There are three problems with the following code. Please find and correct the errors!
my data <- rnorm(100, mean = 0, sd = -1)
data.mean <- mean(my data)
"data.mean" # Print the value of data.meanCreate a vector called “mixed” with the values [“batman”, 20, “superman”, 10]. Now print the vector “mixed” - did anything in the vector change and if so, why?
Do a Google search to figure out the high temperature in Konstanz over the past 7 days. Write and store the values in a vector called “celcius”.
Convert the temperatures you stored to Fahrenheit using basic math operations. Call this vector “fahrenheit.” Hint: The formula to convert celcius to Fahrenheit is y = x * 9/5 + 32, where x is the temperature in celcius and y is the temperature in Fahrenheit.
Create the following sequence of numbers [10, 20, 30, 40, 50, 12, 13, 14, 97, 107, 117, 127, 137] using a combination of the c(), a:b, and seq() functions.
Create the sequence [1, 1, 2, 2, 3, 3, 4, 4, 5, 5, 1, 1, 2, 2, 3, 3, 4, 4, 5, 5] using a combination of the rep() and a:b functions
Create a vector called “squares” that contains the squares (x^2) of the values from 1 to 10. What is the mean and median value of the squares from 1 to 10?
Create a vector called “normal.samp” with 50 values from a Normal distribution with population mean 30 and standard deviation 5
Create a vector with 25 values from a Uniform distribution where there minimum and maximum are determined by the results in your previous vector called “normal.samp”. Specifically, make the the minimum value of the distribution to be the minimum value of “normal.samp” and the maximum value of the distribution to be the median of “normal.samp.”
What should the mean and standard deviation of the sum of two standard normal distributions be?
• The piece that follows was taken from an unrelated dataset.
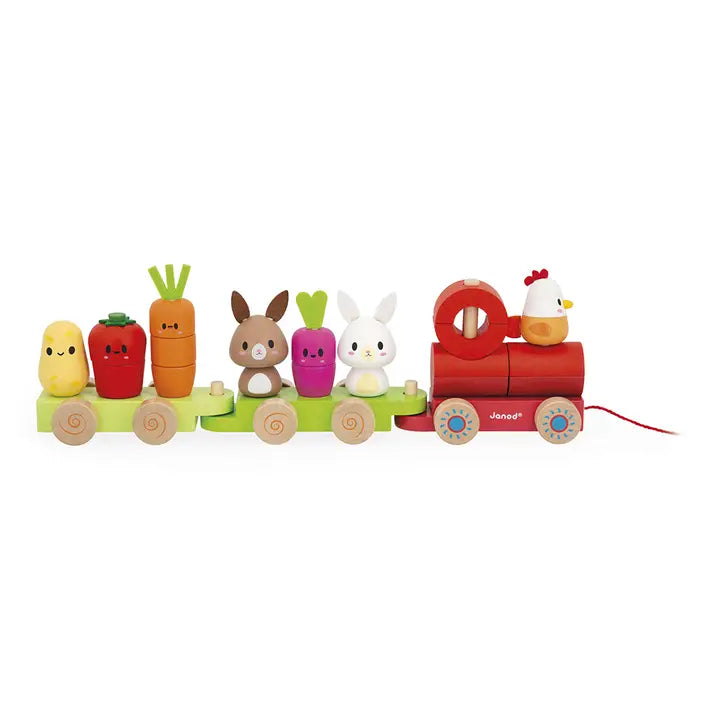 Farm Pull-Along Stacker Train Janod Lil Tulips
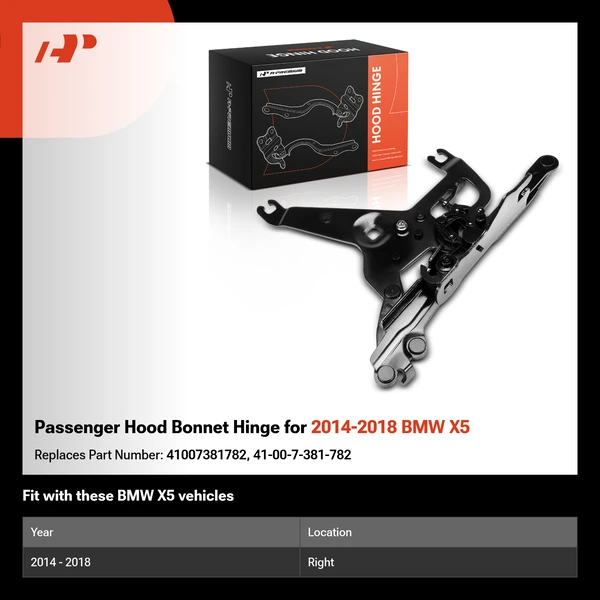 Passenger Hood Bonnet Hinge for 2014-2018 BMW X5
Test your prediction by generating the relevant data.
Simulate 100 flips of a fair coin. Do this once using the values 0 and 1 for heads and tails, and once with the string values “Heads” and “Tails”.
Simulate a sample of 20 balls drawn from a bag containing 30 red balls, 50 green balls, and 20 yellow balls. Do this once with replacement (call the vector: “balls.replacement”), and once without replacement (call the vector: “balls.noreplacement”).
Generate a sample of size N from a uniform distribution with minimum X and maximum Y. Select the value of X by drawing a random number from the set c(4, 7, 2, 8, 3). Select the value of Y by drawing a random number from the set c(20, 34, 12, 45). Select the value of N by drawing a random integer between 10 and 100.